Task details: Print the line containing "El puente de Lasveyras cruza el río Auvézère" and all lines after it, unchanged, through the end of the data. Leave the pictures out.

[Short text fragments from websites]
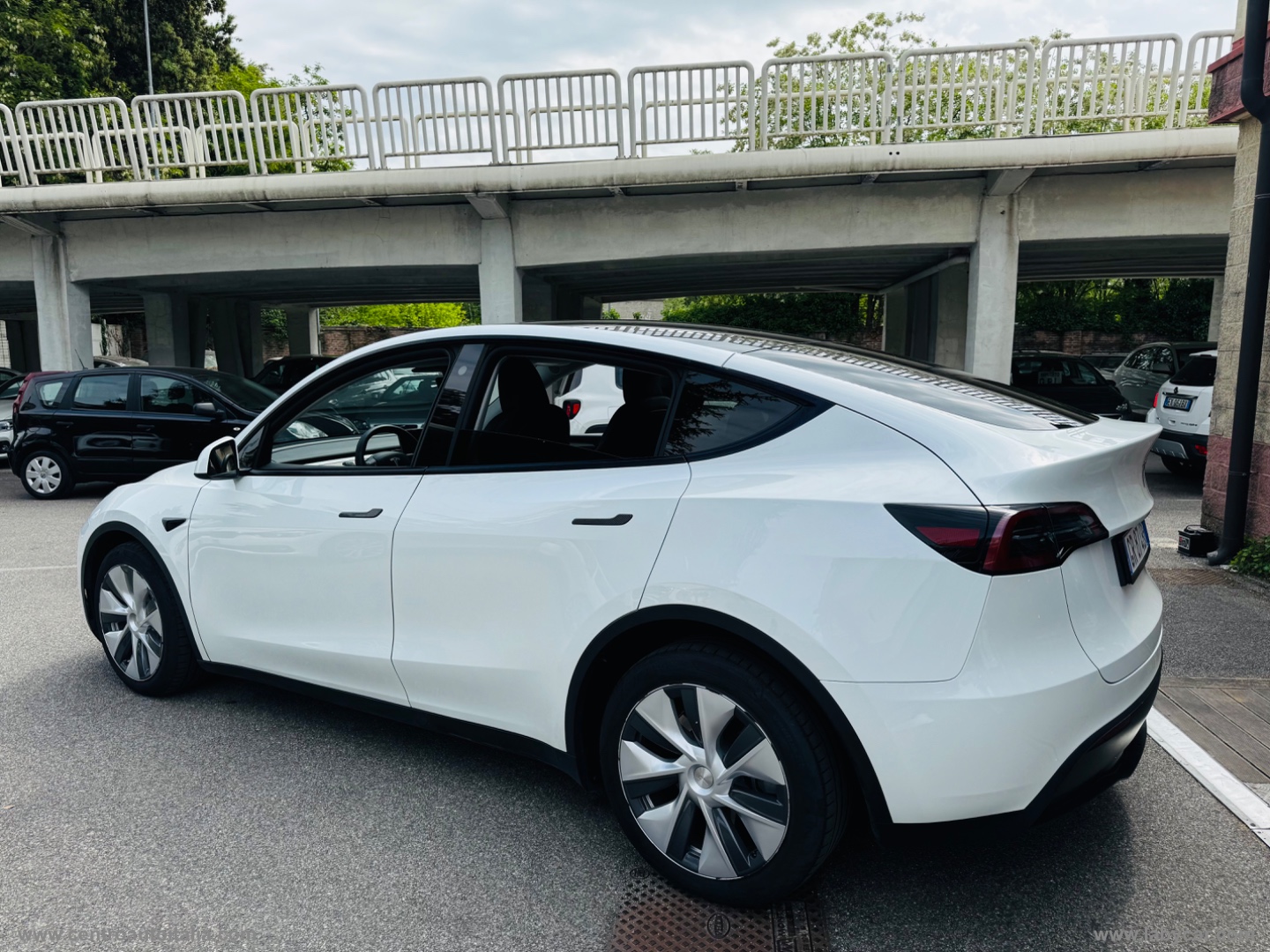 Model Y BEV 75 KWH Long Range AUTO 4WD - immagine 6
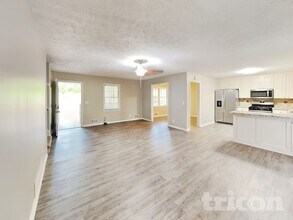 145 Victoria Station in Woodstock, GA - Foto de edificio - Building Photo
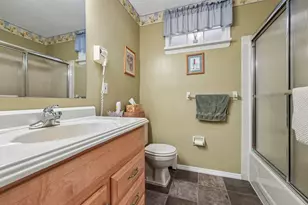 423 Costa Mesa Dr, Toms River, NJ 08757 - Photo 9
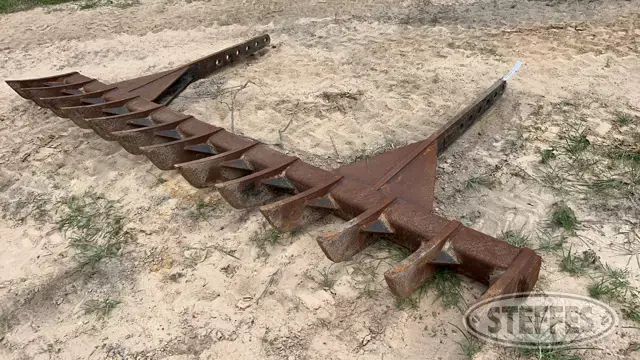 Root rake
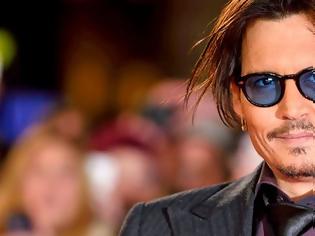 Φωτογραφία για Οι σωματοφύλακές του Johnny Depp αποκαλύπτουν: «Σκουπίζαμε το πρόσωπό του από τα ναρκωτικά»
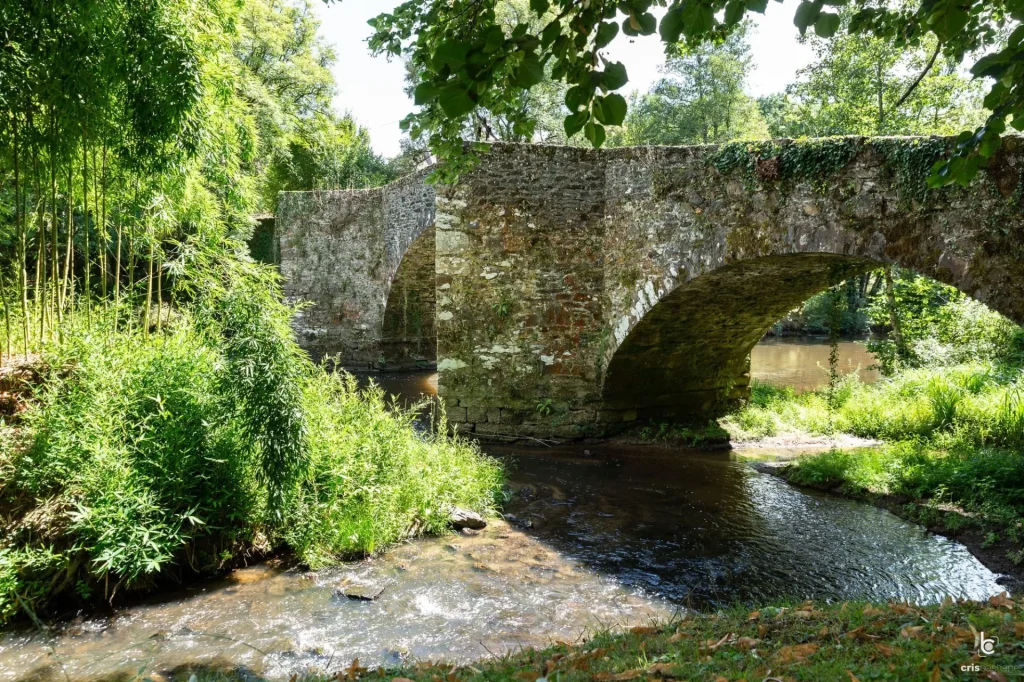 El puente de Lasveyras cruza el río Auvézère
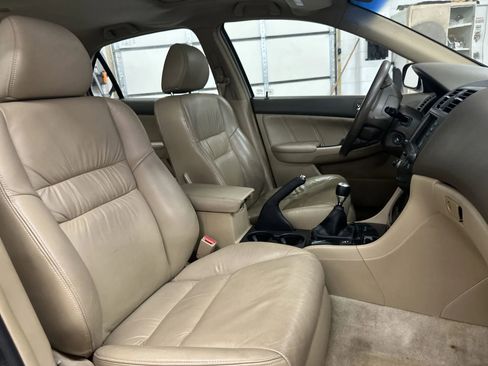 Used 2006 Honda Accord EX-L image 29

Answer space:
 El puente de Lasveyras cruza el río Auvézère
 Used 2006 Honda Accord EX-L image 29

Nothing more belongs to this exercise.